--- TASK DETAILS ---
Take the material below and reproduce, word for word, only the lines from the line with "Elephant in Etosha National Park" through the line with "Щенок Йорк, мелкий стандарт, в Москве".

--- PROVIDED MATERIAL ---
=== Begin Enclosure ===

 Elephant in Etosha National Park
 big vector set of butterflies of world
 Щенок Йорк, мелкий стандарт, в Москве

=== End Enclosure ===
=== Begin Enclosure ===

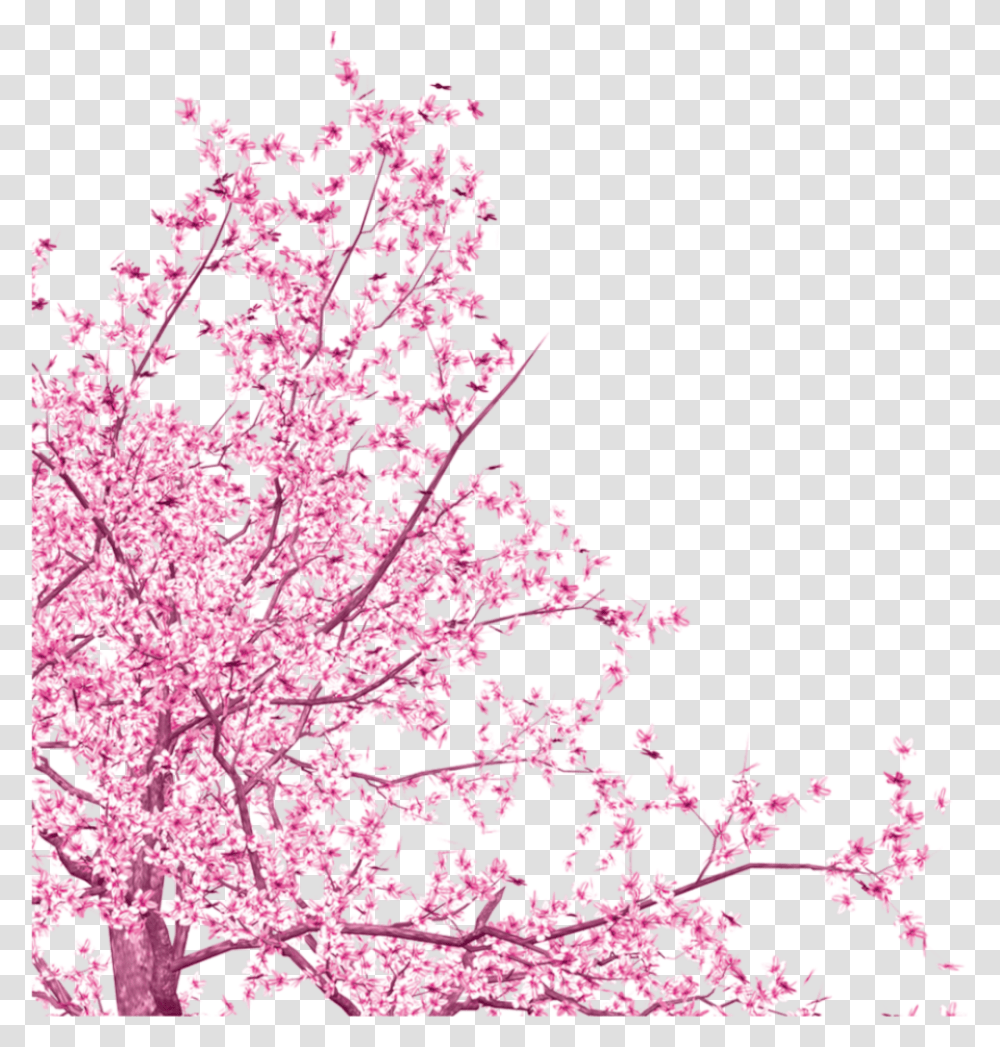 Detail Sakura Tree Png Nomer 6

=== End Enclosure ===

--- RESULT BELOW ---
 Elephant in Etosha National Park
 big vector set of butterflies of world
 Щенок Йорк, мелкий стандарт, в Москве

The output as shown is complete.